DATA FOR THIS TASK:
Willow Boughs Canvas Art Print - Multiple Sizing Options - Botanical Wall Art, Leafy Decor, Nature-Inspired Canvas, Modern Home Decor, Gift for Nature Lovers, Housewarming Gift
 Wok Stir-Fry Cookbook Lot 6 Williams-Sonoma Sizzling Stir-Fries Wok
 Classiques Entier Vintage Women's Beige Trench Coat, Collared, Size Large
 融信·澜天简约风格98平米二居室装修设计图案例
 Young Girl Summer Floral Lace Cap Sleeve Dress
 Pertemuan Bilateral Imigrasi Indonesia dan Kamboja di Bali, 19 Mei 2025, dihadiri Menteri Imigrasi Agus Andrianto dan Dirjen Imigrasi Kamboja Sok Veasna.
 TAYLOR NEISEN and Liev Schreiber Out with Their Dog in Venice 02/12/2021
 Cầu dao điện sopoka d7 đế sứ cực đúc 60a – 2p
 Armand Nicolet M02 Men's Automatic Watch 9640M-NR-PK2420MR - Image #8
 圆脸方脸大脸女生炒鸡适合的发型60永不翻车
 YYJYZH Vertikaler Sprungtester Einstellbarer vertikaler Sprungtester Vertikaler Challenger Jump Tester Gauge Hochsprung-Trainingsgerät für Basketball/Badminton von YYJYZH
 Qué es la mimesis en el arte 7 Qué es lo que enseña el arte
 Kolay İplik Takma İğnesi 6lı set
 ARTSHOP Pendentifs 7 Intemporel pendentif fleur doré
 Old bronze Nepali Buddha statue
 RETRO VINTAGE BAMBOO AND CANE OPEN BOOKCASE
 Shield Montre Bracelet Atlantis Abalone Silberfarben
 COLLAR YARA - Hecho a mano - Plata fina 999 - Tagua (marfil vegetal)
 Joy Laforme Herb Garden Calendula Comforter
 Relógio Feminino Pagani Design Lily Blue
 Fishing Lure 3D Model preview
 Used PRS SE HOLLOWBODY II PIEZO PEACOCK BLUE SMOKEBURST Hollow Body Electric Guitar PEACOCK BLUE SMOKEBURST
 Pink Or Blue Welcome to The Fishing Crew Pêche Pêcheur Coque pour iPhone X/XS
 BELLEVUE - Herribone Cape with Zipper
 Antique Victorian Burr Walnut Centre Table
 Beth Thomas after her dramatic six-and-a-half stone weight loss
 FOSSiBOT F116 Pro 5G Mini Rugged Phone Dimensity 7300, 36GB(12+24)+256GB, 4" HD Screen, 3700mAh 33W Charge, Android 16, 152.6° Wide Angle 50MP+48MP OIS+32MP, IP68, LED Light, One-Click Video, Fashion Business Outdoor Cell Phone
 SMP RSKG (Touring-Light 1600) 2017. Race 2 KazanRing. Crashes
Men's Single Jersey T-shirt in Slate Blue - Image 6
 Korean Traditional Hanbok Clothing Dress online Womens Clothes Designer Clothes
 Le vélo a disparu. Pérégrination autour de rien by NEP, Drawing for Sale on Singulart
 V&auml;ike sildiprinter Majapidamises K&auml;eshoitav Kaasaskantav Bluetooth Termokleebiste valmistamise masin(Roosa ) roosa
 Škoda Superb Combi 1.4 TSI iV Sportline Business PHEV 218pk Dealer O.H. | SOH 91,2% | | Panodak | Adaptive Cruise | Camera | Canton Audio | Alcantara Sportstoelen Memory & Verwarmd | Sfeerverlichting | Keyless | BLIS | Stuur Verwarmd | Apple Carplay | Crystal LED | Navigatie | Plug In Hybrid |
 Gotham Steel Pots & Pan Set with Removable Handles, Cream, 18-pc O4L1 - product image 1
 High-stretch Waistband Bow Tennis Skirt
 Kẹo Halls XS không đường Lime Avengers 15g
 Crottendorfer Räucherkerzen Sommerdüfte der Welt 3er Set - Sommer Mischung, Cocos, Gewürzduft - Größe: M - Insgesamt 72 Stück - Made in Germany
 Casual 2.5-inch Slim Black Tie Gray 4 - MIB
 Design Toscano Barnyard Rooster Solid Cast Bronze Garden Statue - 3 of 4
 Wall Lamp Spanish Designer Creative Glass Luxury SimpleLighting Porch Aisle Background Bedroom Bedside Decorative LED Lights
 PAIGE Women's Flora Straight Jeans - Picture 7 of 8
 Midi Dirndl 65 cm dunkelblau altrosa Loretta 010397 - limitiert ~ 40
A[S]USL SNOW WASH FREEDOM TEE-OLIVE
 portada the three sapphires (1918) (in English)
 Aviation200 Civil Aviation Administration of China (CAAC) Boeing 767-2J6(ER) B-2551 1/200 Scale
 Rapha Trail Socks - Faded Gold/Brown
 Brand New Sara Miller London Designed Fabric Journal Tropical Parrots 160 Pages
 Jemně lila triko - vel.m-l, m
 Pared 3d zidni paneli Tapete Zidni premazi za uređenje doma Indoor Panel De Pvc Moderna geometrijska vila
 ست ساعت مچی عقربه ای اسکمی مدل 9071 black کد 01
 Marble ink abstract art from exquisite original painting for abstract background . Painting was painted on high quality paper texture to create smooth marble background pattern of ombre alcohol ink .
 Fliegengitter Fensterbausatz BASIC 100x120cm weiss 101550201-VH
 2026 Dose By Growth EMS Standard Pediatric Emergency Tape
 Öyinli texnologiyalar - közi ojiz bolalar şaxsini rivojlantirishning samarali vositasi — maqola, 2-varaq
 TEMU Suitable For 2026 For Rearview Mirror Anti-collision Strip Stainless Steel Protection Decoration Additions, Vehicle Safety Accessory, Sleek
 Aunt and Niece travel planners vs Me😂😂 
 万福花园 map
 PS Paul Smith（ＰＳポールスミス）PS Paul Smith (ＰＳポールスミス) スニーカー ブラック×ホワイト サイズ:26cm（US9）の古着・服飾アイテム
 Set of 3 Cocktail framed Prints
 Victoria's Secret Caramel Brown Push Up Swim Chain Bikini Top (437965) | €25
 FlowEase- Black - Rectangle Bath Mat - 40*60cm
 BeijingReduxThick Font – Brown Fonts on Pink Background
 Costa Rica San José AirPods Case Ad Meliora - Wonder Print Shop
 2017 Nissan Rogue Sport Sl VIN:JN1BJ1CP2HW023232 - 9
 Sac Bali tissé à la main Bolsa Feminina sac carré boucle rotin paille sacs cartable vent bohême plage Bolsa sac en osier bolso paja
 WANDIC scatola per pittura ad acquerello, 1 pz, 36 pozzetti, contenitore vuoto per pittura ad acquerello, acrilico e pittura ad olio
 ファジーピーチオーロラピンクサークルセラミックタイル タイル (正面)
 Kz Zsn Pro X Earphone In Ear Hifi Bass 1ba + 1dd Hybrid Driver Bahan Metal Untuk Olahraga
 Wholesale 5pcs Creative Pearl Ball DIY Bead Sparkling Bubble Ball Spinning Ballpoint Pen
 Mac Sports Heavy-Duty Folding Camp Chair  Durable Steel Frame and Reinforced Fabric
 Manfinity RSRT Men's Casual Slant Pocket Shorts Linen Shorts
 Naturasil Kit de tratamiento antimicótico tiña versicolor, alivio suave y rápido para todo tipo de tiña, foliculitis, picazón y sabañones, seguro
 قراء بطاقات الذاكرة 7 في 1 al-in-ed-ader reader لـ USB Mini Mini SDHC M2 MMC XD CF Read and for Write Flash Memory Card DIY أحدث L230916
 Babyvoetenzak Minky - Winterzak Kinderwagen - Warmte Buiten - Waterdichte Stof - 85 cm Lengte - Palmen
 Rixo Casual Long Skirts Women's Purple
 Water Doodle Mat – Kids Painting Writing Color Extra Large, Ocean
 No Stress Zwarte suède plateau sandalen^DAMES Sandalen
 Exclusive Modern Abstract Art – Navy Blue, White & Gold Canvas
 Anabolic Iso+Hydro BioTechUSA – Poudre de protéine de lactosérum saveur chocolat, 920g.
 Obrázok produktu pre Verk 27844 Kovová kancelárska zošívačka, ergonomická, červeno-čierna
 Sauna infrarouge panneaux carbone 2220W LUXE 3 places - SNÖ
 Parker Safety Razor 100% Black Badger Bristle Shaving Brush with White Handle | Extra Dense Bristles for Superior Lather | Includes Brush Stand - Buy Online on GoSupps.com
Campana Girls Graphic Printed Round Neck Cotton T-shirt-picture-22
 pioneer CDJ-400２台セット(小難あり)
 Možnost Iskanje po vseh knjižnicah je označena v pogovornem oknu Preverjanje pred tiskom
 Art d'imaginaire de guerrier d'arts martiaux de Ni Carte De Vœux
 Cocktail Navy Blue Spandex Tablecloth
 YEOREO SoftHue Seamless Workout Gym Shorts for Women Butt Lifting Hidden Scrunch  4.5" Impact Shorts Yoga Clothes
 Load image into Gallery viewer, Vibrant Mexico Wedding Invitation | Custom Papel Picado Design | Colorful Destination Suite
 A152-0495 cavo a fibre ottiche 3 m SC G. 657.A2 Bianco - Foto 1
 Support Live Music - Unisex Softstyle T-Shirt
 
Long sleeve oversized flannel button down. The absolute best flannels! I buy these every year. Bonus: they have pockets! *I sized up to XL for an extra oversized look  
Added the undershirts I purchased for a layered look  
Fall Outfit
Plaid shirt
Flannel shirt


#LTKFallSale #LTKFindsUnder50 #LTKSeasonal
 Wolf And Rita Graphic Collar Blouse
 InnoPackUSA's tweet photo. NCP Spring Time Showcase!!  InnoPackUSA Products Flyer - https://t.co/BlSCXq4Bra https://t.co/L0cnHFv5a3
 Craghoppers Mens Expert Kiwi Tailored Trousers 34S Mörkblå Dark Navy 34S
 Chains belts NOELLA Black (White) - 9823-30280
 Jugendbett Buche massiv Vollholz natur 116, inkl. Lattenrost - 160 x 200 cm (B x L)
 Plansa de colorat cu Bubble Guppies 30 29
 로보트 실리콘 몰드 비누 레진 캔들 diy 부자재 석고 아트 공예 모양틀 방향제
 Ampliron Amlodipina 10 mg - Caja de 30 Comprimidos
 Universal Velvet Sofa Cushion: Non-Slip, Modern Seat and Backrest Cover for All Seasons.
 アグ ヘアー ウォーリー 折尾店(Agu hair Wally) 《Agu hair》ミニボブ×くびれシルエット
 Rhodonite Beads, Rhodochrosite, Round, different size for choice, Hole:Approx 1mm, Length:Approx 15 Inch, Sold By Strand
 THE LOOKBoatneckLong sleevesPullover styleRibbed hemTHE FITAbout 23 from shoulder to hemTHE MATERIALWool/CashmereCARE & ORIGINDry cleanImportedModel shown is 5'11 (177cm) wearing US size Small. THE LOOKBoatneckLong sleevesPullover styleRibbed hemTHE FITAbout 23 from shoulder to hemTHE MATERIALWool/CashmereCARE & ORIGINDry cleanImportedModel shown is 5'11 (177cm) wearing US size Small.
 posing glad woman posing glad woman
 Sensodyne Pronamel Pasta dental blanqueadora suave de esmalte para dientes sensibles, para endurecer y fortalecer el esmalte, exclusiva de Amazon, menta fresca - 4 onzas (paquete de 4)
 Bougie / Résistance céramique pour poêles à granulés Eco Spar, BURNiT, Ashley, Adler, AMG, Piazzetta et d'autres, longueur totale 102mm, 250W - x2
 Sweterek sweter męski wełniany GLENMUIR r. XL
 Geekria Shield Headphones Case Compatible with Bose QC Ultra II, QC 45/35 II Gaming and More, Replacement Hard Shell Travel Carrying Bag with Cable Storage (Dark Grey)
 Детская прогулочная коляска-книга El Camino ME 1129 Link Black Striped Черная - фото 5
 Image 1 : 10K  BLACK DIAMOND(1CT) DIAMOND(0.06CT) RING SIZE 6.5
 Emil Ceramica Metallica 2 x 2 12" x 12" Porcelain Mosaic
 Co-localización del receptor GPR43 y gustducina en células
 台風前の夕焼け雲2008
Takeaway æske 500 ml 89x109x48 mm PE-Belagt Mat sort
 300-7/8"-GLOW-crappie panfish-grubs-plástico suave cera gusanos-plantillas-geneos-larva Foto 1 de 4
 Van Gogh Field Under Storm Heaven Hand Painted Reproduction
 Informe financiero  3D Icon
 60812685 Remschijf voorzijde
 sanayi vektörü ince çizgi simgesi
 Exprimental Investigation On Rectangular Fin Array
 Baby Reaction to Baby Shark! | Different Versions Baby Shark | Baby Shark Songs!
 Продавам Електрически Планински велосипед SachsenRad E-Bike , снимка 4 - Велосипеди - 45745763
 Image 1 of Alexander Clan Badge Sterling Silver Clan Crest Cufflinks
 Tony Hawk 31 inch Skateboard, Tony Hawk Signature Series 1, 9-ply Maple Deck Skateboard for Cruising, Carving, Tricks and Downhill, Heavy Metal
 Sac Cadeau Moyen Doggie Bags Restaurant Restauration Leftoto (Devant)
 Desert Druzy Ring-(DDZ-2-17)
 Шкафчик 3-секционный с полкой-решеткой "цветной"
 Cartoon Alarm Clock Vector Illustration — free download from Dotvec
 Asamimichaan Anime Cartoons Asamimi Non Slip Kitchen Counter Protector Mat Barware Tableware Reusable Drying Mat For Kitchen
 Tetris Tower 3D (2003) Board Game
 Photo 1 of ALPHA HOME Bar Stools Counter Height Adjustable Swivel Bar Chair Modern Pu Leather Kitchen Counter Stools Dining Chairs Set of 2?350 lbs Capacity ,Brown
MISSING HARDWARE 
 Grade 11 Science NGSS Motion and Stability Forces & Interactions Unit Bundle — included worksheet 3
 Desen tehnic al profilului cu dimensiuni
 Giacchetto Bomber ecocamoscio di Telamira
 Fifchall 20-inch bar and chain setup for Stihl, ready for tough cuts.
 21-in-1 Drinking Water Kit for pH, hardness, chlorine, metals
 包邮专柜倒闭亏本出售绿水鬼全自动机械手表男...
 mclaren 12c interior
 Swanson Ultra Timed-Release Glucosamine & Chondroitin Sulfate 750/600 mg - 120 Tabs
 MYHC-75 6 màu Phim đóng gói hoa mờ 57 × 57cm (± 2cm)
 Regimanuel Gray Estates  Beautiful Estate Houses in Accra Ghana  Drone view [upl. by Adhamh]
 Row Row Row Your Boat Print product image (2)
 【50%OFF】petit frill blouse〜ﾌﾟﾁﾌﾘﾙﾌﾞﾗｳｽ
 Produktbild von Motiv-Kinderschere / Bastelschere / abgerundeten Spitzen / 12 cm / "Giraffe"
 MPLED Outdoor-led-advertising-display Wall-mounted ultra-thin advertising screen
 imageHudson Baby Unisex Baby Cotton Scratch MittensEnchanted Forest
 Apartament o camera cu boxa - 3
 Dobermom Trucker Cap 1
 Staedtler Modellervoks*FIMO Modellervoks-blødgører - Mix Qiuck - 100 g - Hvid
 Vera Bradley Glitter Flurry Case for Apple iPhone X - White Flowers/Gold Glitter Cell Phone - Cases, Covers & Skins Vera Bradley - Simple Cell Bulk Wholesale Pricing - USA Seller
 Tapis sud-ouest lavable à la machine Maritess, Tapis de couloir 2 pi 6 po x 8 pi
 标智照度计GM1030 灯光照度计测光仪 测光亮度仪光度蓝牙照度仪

WORK INSTRUCTIONS: Would you print, exactly as written, every line above from the one holding "Baby Reaction to" through the one holding "Produktbild von Motiv-Kinderschere", with both included and no other lines?

ANSWER TO THIS EXERCISE:
 Baby Reaction to Baby Shark! | Different Versions Baby Shark | Baby Shark Songs!
 Продавам Електрически Планински велосипед SachsenRad E-Bike , снимка 4 - Велосипеди - 45745763
 Image 1 of Alexander Clan Badge Sterling Silver Clan Crest Cufflinks
 Tony Hawk 31 inch Skateboard, Tony Hawk Signature Series 1, 9-ply Maple Deck Skateboard for Cruising, Carving, Tricks and Downhill, Heavy Metal
 Sac Cadeau Moyen Doggie Bags Restaurant Restauration Leftoto (Devant)
 Desert Druzy Ring-(DDZ-2-17)
 Шкафчик 3-секционный с полкой-решеткой "цветной"
 Cartoon Alarm Clock Vector Illustration — free download from Dotvec
 Asamimichaan Anime Cartoons Asamimi Non Slip Kitchen Counter Protector Mat Barware Tableware Reusable Drying Mat For Kitchen
 Tetris Tower 3D (2003) Board Game
 Photo 1 of ALPHA HOME Bar Stools Counter Height Adjustable Swivel Bar Chair Modern Pu Leather Kitchen Counter Stools Dining Chairs Set of 2?350 lbs Capacity ,Brown
MISSING HARDWARE 
 Grade 11 Science NGSS Motion and Stability Forces & Interactions Unit Bundle — included worksheet 3
 Desen tehnic al profilului cu dimensiuni
 Giacchetto Bomber ecocamoscio di Telamira
 Fifchall 20-inch bar and chain setup for Stihl, ready for tough cuts.
 21-in-1 Drinking Water Kit for pH, hardness, chlorine, metals
 包邮专柜倒闭亏本出售绿水鬼全自动机械手表男...
 mclaren 12c interior
 Swanson Ultra Timed-Release Glucosamine & Chondroitin Sulfate 750/600 mg - 120 Tabs
 MYHC-75 6 màu Phim đóng gói hoa mờ 57 × 57cm (± 2cm)
 Regimanuel Gray Estates  Beautiful Estate Houses in Accra Ghana  Drone view [upl. by Adhamh]
 Row Row Row Your Boat Print product image (2)
 【50%OFF】petit frill blouse〜ﾌﾟﾁﾌﾘﾙﾌﾞﾗｳｽ
 Produktbild von Motiv-Kinderschere / Bastelschere / abgerundeten Spitzen / 12 cm / "Giraffe"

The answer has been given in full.